Required work ->
The first line of the entries below, the line containing "Obelink Obelink camping", and every line between them should be repeated exactly, and nothing else.

START Provided material

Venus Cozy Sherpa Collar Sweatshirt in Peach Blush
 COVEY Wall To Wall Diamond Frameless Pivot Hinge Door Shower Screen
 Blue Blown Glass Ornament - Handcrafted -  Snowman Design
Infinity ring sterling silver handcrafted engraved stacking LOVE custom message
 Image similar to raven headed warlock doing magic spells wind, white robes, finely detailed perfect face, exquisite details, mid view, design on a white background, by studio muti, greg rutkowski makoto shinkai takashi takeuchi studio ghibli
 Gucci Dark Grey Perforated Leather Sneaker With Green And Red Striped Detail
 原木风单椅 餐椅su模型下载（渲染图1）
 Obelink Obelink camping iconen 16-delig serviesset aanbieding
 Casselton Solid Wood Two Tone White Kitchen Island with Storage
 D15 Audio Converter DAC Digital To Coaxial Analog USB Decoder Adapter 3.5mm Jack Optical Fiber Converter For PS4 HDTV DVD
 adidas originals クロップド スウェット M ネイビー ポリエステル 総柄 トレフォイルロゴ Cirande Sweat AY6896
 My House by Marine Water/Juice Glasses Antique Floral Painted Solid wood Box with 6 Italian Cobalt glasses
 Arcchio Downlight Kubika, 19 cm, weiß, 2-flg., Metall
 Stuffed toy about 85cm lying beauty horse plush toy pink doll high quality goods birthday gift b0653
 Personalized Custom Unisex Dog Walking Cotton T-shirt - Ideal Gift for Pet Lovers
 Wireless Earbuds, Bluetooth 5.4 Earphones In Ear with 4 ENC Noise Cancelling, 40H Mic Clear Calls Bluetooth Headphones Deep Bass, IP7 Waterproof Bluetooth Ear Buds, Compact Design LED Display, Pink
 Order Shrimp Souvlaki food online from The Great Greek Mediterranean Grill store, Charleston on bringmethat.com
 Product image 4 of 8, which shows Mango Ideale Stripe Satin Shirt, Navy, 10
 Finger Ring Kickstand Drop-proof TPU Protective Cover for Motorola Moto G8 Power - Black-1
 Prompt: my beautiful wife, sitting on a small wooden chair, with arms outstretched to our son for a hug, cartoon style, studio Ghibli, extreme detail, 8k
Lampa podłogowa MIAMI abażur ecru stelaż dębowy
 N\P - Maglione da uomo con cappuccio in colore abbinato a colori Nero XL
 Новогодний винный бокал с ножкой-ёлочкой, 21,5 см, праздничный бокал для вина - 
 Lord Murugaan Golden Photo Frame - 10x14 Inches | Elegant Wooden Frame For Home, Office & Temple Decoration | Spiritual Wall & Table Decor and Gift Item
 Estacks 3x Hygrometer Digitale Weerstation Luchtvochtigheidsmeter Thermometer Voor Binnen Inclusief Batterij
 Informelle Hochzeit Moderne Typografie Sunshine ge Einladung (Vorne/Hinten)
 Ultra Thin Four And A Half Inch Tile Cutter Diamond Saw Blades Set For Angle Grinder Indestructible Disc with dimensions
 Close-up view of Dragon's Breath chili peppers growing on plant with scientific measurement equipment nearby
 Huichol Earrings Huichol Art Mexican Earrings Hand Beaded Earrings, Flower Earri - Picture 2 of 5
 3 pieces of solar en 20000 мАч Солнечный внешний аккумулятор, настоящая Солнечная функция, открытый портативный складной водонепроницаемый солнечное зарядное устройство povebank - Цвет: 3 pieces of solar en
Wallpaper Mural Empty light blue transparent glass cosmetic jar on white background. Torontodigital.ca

END Provided material

Worked solution ->
Venus Cozy Sherpa Collar Sweatshirt in Peach Blush
 COVEY Wall To Wall Diamond Frameless Pivot Hinge Door Shower Screen
 Blue Blown Glass Ornament - Handcrafted -  Snowman Design
Infinity ring sterling silver handcrafted engraved stacking LOVE custom message
 Image similar to raven headed warlock doing magic spells wind, white robes, finely detailed perfect face, exquisite details, mid view, design on a white background, by studio muti, greg rutkowski makoto shinkai takashi takeuchi studio ghibli
 Gucci Dark Grey Perforated Leather Sneaker With Green And Red Striped Detail
 原木风单椅 餐椅su模型下载（渲染图1）
 Obelink Obelink camping iconen 16-delig serviesset aanbieding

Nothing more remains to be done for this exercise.